EXERCISE ▸ Using the records below, transcribe word for word the stretch from the line that contains "A field of black-eyed" through the line that contains "GA license plate PWM3310", both end lines included, and nothing else.

----- MATERIAL FOR THE TASK -----

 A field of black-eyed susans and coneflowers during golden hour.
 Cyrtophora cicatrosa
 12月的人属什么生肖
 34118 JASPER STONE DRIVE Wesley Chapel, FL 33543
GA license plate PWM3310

-----
----- MATERIAL FOR THE TASK -----

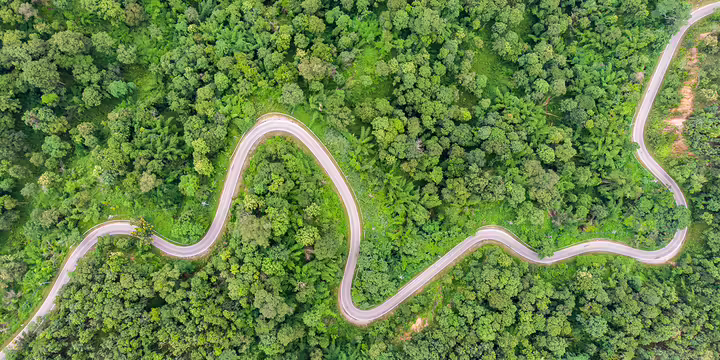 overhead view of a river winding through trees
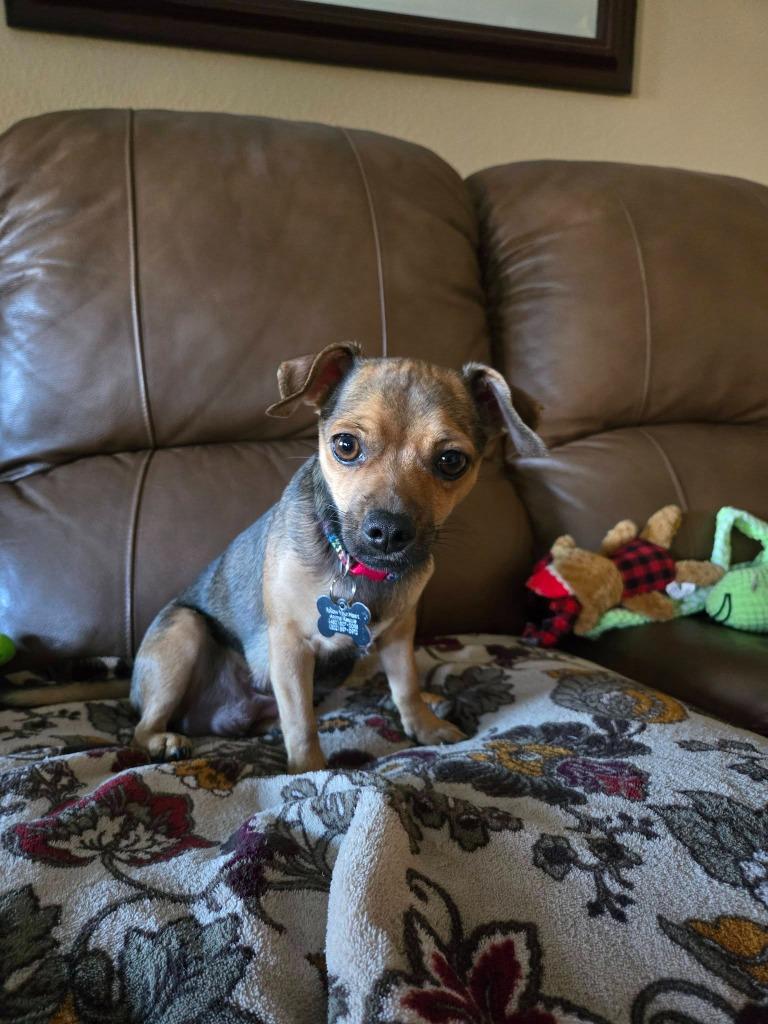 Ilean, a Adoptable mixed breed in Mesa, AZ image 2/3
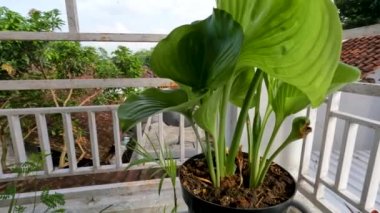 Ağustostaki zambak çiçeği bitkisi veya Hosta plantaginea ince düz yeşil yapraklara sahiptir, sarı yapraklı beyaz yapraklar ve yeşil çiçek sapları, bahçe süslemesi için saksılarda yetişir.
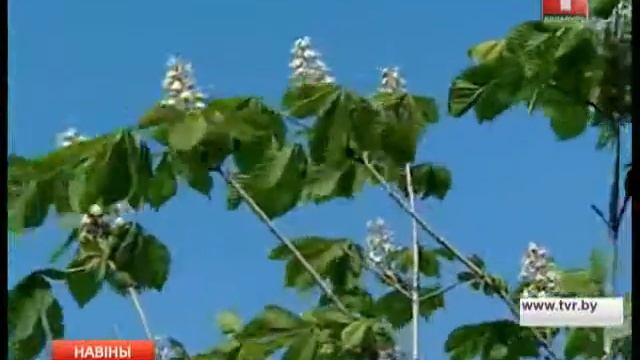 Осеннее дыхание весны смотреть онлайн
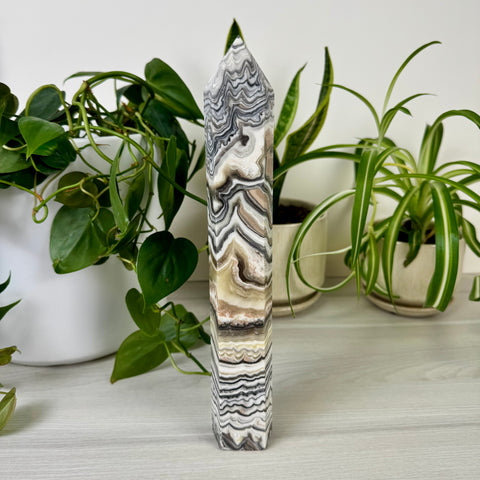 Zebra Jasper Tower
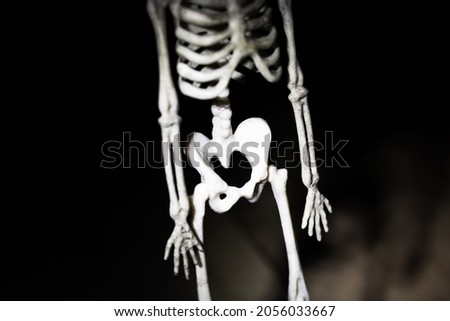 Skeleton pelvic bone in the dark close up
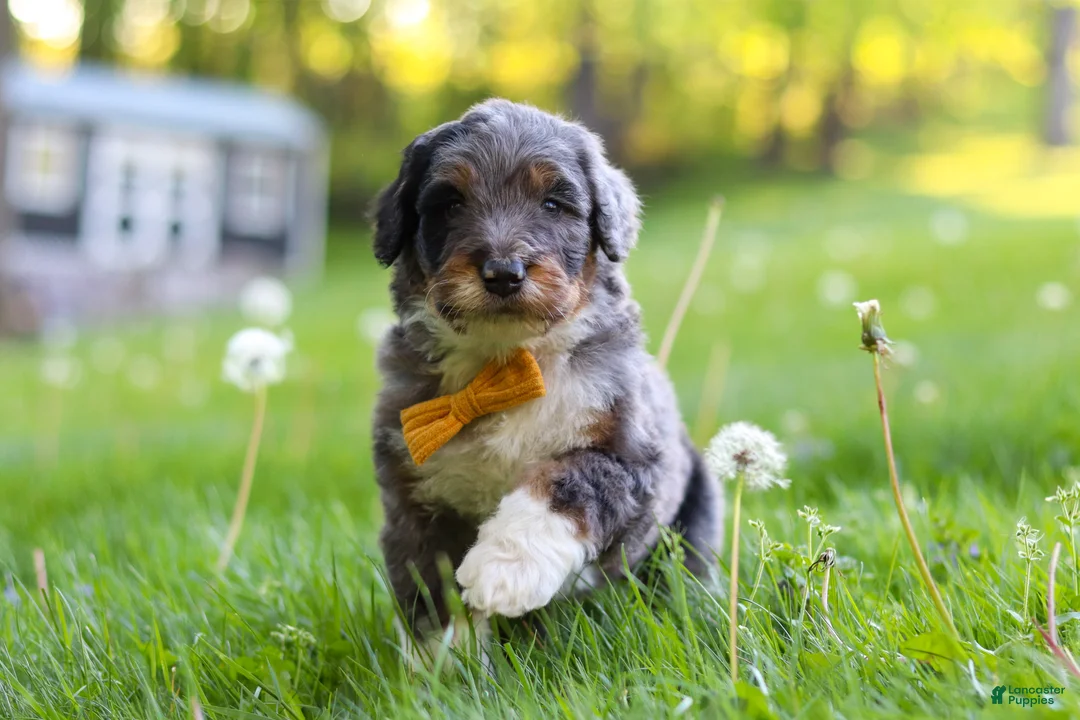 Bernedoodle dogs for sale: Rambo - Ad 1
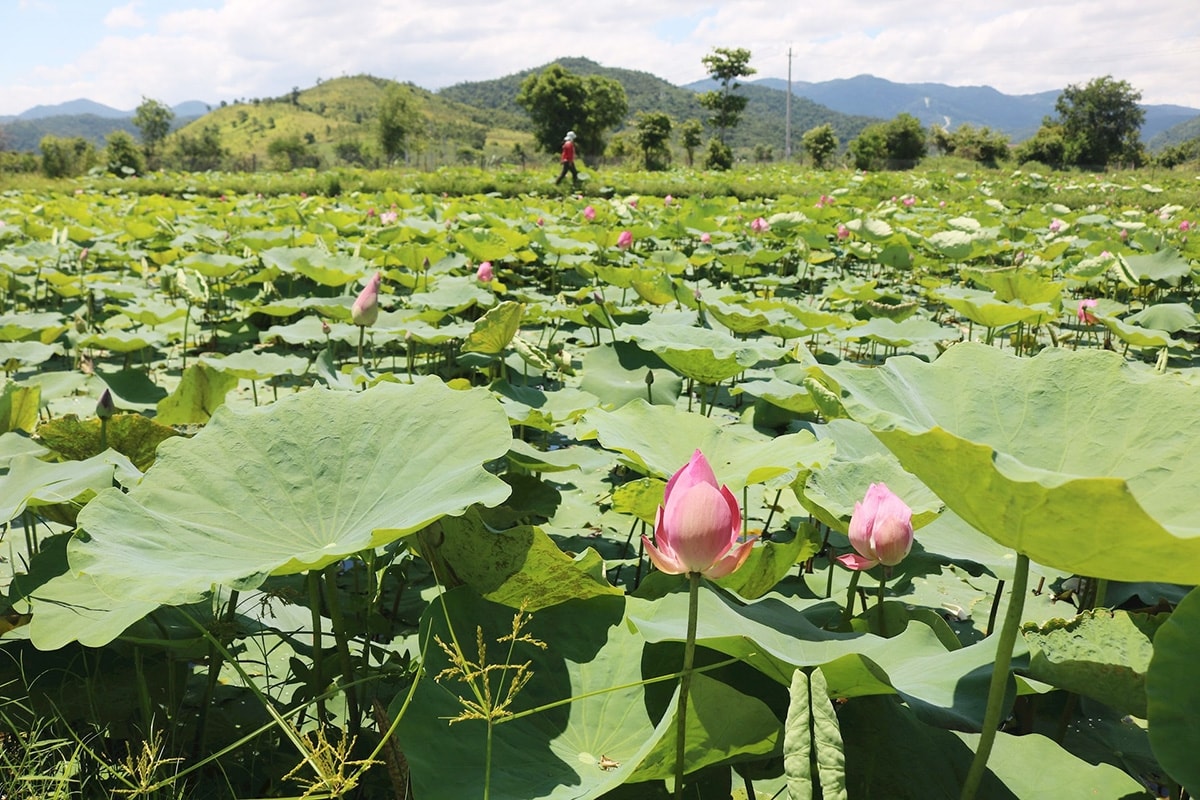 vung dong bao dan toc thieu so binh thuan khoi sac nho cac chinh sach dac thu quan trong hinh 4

-----

TASK ANSWER ▸
 A field of black-eyed susans and coneflowers during golden hour.
 Cyrtophora cicatrosa
 12月的人属什么生肖
 34118 JASPER STONE DRIVE Wesley Chapel, FL 33543
GA license plate PWM3310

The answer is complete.